§ Requirement
If a line of the records contains the string "illustration", copy it out.

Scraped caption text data
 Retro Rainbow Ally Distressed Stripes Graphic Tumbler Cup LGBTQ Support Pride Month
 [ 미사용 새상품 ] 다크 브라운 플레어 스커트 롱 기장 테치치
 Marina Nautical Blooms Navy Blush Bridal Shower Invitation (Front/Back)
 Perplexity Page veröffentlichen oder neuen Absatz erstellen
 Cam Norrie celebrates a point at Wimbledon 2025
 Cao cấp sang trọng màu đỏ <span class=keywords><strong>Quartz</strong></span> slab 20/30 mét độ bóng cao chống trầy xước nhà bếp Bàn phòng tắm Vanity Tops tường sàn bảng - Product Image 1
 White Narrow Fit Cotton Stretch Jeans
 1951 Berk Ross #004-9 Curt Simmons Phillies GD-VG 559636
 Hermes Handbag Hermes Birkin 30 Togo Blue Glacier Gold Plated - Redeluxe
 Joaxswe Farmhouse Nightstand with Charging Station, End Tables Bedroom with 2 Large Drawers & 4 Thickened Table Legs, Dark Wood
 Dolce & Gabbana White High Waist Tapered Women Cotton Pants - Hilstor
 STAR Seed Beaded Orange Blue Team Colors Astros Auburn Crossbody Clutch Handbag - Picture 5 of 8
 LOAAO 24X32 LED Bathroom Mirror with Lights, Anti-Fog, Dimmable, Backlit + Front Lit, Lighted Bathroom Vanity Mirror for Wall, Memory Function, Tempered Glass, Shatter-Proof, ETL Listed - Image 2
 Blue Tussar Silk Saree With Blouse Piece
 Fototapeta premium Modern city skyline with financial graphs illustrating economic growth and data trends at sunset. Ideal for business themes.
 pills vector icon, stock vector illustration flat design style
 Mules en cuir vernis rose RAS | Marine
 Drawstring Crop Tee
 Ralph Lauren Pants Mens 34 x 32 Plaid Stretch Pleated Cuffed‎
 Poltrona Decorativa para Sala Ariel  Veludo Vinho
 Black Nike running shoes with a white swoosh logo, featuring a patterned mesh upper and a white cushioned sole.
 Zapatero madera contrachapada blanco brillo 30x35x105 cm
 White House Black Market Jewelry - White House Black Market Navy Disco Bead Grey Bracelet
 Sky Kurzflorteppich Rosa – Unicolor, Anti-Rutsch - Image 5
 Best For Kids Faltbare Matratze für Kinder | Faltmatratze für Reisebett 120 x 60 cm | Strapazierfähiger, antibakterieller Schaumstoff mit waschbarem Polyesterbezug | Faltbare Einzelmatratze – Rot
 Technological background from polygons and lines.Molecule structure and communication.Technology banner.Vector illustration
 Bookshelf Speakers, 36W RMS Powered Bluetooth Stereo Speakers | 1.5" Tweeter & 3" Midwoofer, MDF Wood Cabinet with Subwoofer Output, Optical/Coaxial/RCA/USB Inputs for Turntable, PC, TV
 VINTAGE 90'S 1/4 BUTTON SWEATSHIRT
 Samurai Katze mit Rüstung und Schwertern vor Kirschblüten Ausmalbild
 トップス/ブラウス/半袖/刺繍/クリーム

§ Task solution
 pills vector icon, stock vector illustration flat design style
 Technological background from polygons and lines.Molecule structure and communication.Technology banner.Vector illustration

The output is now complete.